Поэтому мы всё время начинаем сначала. Это та самая проблема, которую замечательно выразил Тургенев в названии романа «Отцы и дети». Когда дети всё время попирают и «убивают» – в кавычки я беру это слово – отцов. То есть, начинают всё сначала, как если бы отцы до них ничего не делали. И Базаров в этом отношении – классическая фигура. И это очень трудно… Но это проблема индивидуальная, а не социальная. Это индивидуальная проблема. Я должен понимать, что я родился в мир, где до меня много чего было. Вот хотя бы – я языка не придумываю. Я пользуюсь языком, который до меня уже был достаточно освоен. Я не приношу новых слов. Я только приношу в эти слова своё дыхание – и только. Но дышать я должен по-своему, зная, что до меня этими словами уже пользовались. И к этому надо бережно относиться. Это то, что называется проблемой наследства, преемственности и прочее. Вот в России этого ничего не было.
В литературе это было. Может быть, поэтому её так и читают, что в русской литературе – и это тоже относится к тому, что называется художественной антропологией, – в русской литературе оказались решаемы или, по крайней мере, называемы те проблемы, которые абсолютно не назывались в реальной жизни.
В реальной жизни говорили, «борьба с бедностью», «борьба с нищетой», «борьба за лучшую жизнь». Это фикции! Потому что те, кто объявляет своей программой борьбу за лучшую жизнь, – это, как правило, палачи или демагоги.
Это было тогда, это есть сейчас. Возьмусь пророчествовать – это будет через 200 лет.
А.Г. Вы как Астров прямо, только наоборот.
В.М. Только наоборот. Да. Это и есть то, что называется художественной антропологией русской литературы. И в этом отношении она необычайно привлекательна… Вы спросить что-то хотели?
А.Г. Я хотел спросить, какие семена, какие ростки взошли из тех семян, которые русская литература посеяла на Западе? Первое, что приходит на ум, естественно, и у вас об этом написано, это Ницше и Кьеркегор. Но ведь после этого был, на мой взгляд, совершенно опустошённый, уродливый западный постмодернизм. И я вижу вот это разрушение, причины этого разрушения, ещё и в великой русской литературе.

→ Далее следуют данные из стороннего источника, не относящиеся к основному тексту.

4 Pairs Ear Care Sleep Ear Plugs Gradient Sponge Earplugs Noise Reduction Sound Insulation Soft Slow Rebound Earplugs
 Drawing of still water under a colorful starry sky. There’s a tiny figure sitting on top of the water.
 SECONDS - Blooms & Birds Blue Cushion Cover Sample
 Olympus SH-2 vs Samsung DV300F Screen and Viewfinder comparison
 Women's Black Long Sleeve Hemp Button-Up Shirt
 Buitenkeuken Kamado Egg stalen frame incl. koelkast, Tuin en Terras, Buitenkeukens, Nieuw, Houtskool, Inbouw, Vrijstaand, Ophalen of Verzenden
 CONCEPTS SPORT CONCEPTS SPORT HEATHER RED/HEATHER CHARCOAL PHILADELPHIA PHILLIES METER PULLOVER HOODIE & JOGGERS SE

В.М. Вы знаете что, я бы сказал так. Я тут воспользуюсь не своей мыслью, но мне эта мысль очень нравится. Был такой эмигрантский литературовед, академической школы, Альфред Людвигович Бём. Он во второй половине тридцатых годов, по-моему, написал небольшой цикл под названием «Письма о литературе». И там он оценивает современную русскую, то есть, советскую, литературу. Он большой знаток русской литературы, замечательный писатель о русской литературе. И он говорит (пересказываю, а не цитирую): «Я с большим прискорбием должен отметить, что то, что я наблюдаю сейчас в советской литературе, свидетельствует о том, что русская литература потеряла своё европейское значение. Советская литература провинциализовала когда-то великую русскую литературу. Т.е. не литературу, конечно, а понизился тот уровень, до которого поднялась великая литература XIX века».